The castle represents not only a singular monument in Romania, but also one of the most attractive medieval buildings in the European spaces. The edifice presents diverse styles and innovations in the époque’s military and civil constructions, being representative for the architecture of that time’s south-eastern Europe. The additions, reconstructions and restorations of the castle from the 15th to the 20th centuries offer the visitors the chance to enjoy a unique mixture of architectural elements belonging to the Renaissance, Baroque and Neo-Gothic styles. The main improvements to the initial state of the castle were made especially by Johann Hunyadi (Iancu de Hunedoara) and his son, Matthias Corvinus (Matei Corvin), the greatest king of Hungary.
Iancu Corvin de Hunedoara was a brilliant military strategist, who became regent of Hungary and prince of Transylvania. He inherited the citadel from his father and transformed it into a Gothic fortified residence by building the exterior walls, guarded by 7 towers, the chapel and most of the actual castle. His son, Matei Corvin, subsequently developed the building and added the Renaissance elements.

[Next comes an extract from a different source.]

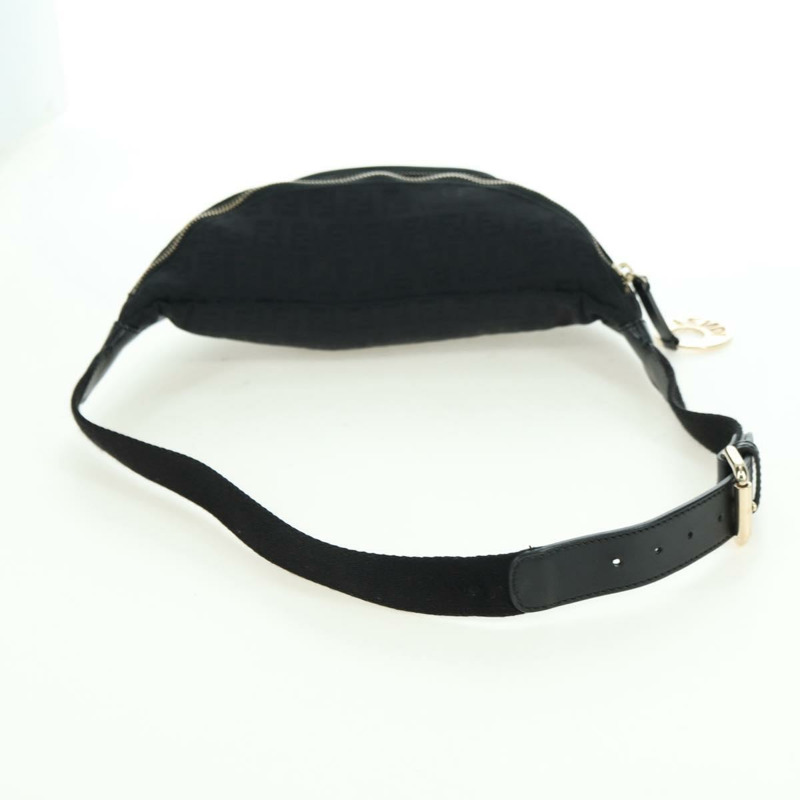【日本直送】FENDI Zucchino帆布Mamma Baguette腰包 黑色金色 Auth am11355V-6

After the restoration works in 1974, the castle was transformed into a museum. On the outside, it impresses through the long, narrow bridge that offers access inside, and the tall, sharp towers. Within the castle you will find galleries, vaults and spiral stairways leading to halls that do not preserve the original furniture, but accommodate displays of weaponry, frescoes and inscriptions. The chapel, one of the structures most representative for the 15th century, harmoniously combines elements from the Roman and late Gothic styles. You can also admire the Ne boisa and Capistrano towers, kept intact from Iancu’s times.
Monday: 09:00 – 15:00
01 Nov – 29 Feb: 09:00 – 16:00*
01 Mar – 30 Apr: 09:00 – 17:00*
01 Mai – 31 Aug: 09:00 – 18:00*
01 Sep – 31 Oct: 09:00 – 17:00*
*last entry is 30 minutes before closing time.
Adults – 10 lei
Students – 5 lei
Pensioners – 5 lei
Photo Tax – 5 lei
Video Tax – 10 lei
Guide Tax – 30 lei
How to get there:
Hunedoara is located at 125km west of Sibiu and 190km east of Timişoara.
By car: From Timişoara, take DN6 and DN68 national roads to Hunedoara.
From Sibiu, take E68 European road in the direction of Deva and then, when you get to Sântuhalm village, take DN68B national road to Hunedoara.
By train: The biggest railway junction close to Hunedoara is Simeria (18km north of Hunedoara) – there are many trains that link different cities in the country that stop here. From Simeria there are 7 trains/day to Hunedoara. Approximate travel time is 30min.
By bus: The best option is to go (by train) to Deva. There are regular bus and maxitaxi rides between Deva and Hunedoara, with daily departures every 10-15 minutes. Approximate travel time is 45min.